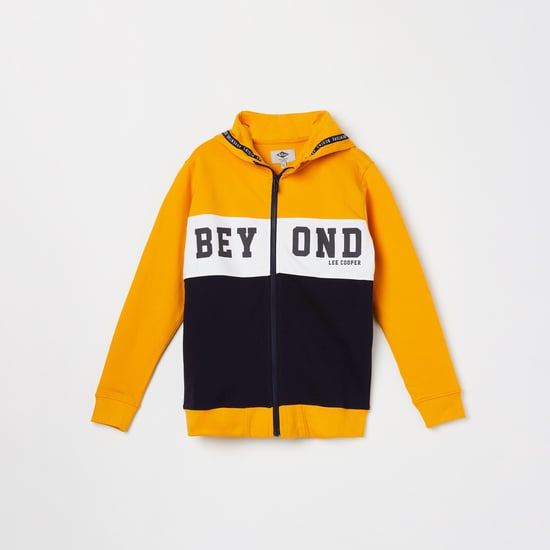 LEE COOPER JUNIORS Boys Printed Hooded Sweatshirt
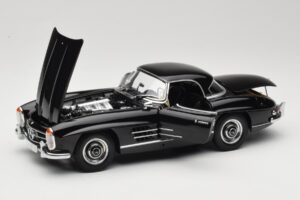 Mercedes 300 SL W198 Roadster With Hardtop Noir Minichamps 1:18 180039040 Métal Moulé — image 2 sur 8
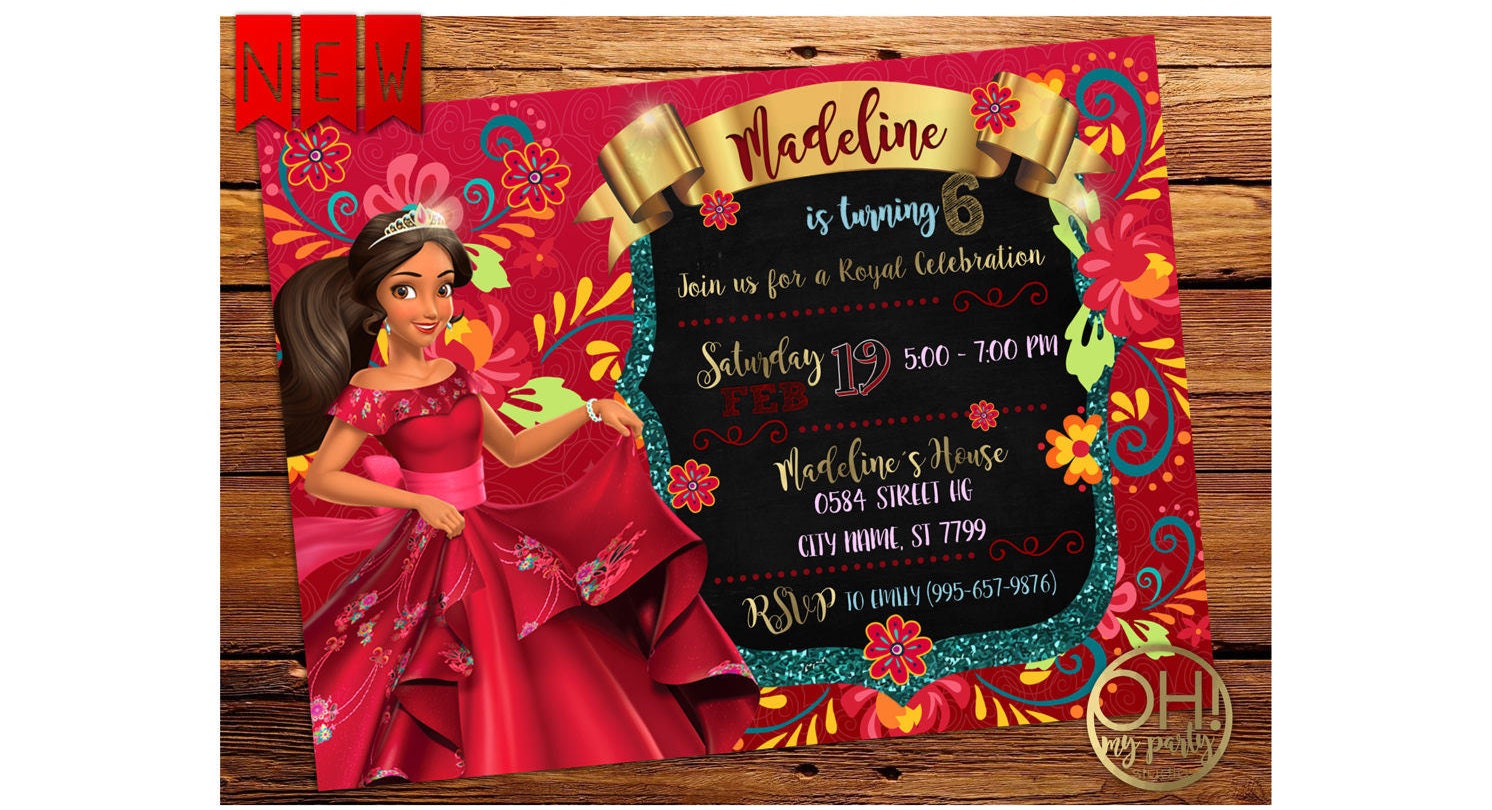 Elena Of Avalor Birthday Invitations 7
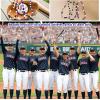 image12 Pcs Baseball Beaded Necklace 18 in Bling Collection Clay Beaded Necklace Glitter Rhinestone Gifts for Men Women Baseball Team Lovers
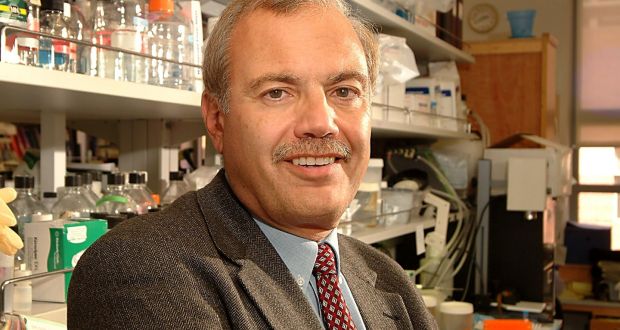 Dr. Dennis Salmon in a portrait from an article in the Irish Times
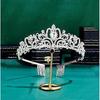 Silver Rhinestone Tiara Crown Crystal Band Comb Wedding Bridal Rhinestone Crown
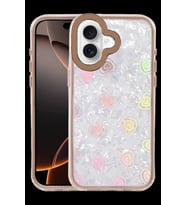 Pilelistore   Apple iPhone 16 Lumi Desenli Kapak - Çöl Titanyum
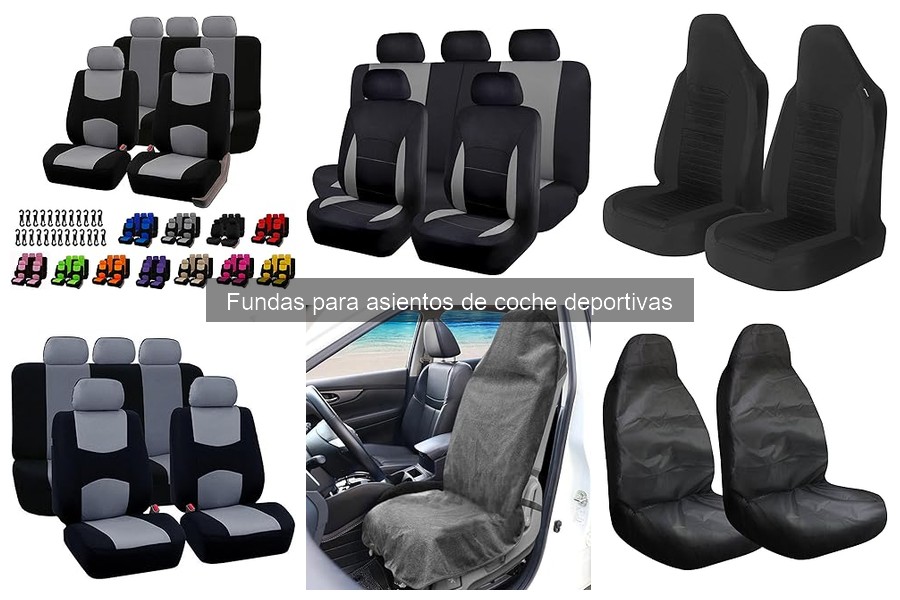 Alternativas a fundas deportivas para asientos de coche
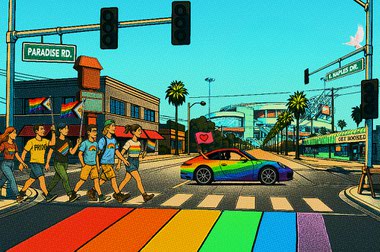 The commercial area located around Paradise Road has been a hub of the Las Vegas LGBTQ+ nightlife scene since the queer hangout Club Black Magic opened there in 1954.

• [AIM OF THE TASK]
Hand back the records above exactly as they are, pictures excluded.

• [ANSWER TO THIS EXERCISE]
 LEE COOPER JUNIORS Boys Printed Hooded Sweatshirt
 Mercedes 300 SL W198 Roadster With Hardtop Noir Minichamps 1:18 180039040 Métal Moulé — image 2 sur 8
 Elena Of Avalor Birthday Invitations 7
 image12 Pcs Baseball Beaded Necklace 18 in Bling Collection Clay Beaded Necklace Glitter Rhinestone Gifts for Men Women Baseball Team Lovers
 Dr. Dennis Salmon in a portrait from an article in the Irish Times
 Silver Rhinestone Tiara Crown Crystal Band Comb Wedding Bridal Rhinestone Crown
 Pilelistore   Apple iPhone 16 Lumi Desenli Kapak - Çöl Titanyum
 Alternativas a fundas deportivas para asientos de coche
 The commercial area located around Paradise Road has been a hub of the Las Vegas LGBTQ+ nightlife scene since the queer hangout Club Black Magic opened there in 1954.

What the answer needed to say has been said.